To call Godzilla 2 King of the Monsters ridiculous would be an understatement, but it’s not without its charms, chief of which is a truly A-list cast speaking ludicrous dialogue with absolute commitment. It must have been tough, saying lines that make no sense in a story that is incomprehensible; I imagine them all – Charles Dance, Sally Hawkins, Ken Watanabe, David Strathairn – sitting around at night, trading bonkers lines of dialogue they’d had to say that day, as a kind of drinking game.
Some of them have pedigrees with freaky creatures. Hawkins famously shtupped a slimy merman and was rewarded with an Oscar nomination in the terribly over-rated The Shape Of Water; Dance spent four seasons on Game of Thrones, where he at least co-existed in a dragon world.
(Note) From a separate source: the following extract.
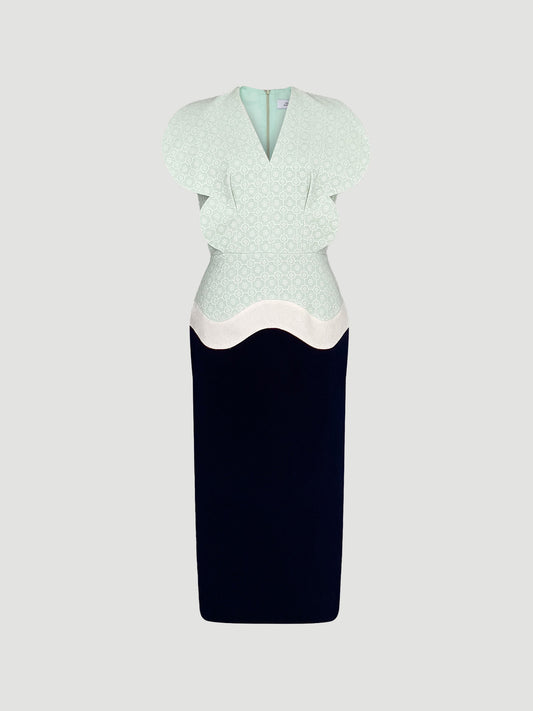 Mint green-dark blue Yomise dress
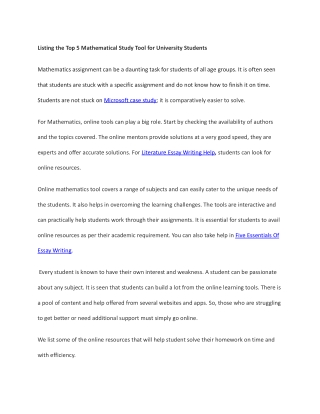 Listing the Top 5 Mathematical Study Tool for University Students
Many of them are returning from Godzilla (2014), which lives in the same cinematic universe as the rebooted King Kong; a clash between the great ape and the nuclear lizard is coming, so there’s something to look forward to.
The plot, such as is discernible, involves Dance as an eco-warrior in charge of a bunch of like-minded British mercenaries colluding with Vera Farmiga, as a scientist and mother traumatised from Godzilla’s last rampage, to free all the monsters on earth from their secret burial grounds so that they can rid earth of most of humanity in order to save it, while a plane-load of other scientists and soldier-types try to stop them, or something like that. In other words, it pits extremist greenies against the government. Whatever. Over a very loud, very confusing, but never boring couple of hours, the main fighting is between the big monsters, and at the end of the day, Godzilla wins. Of course he does. He’s the king of the monsters.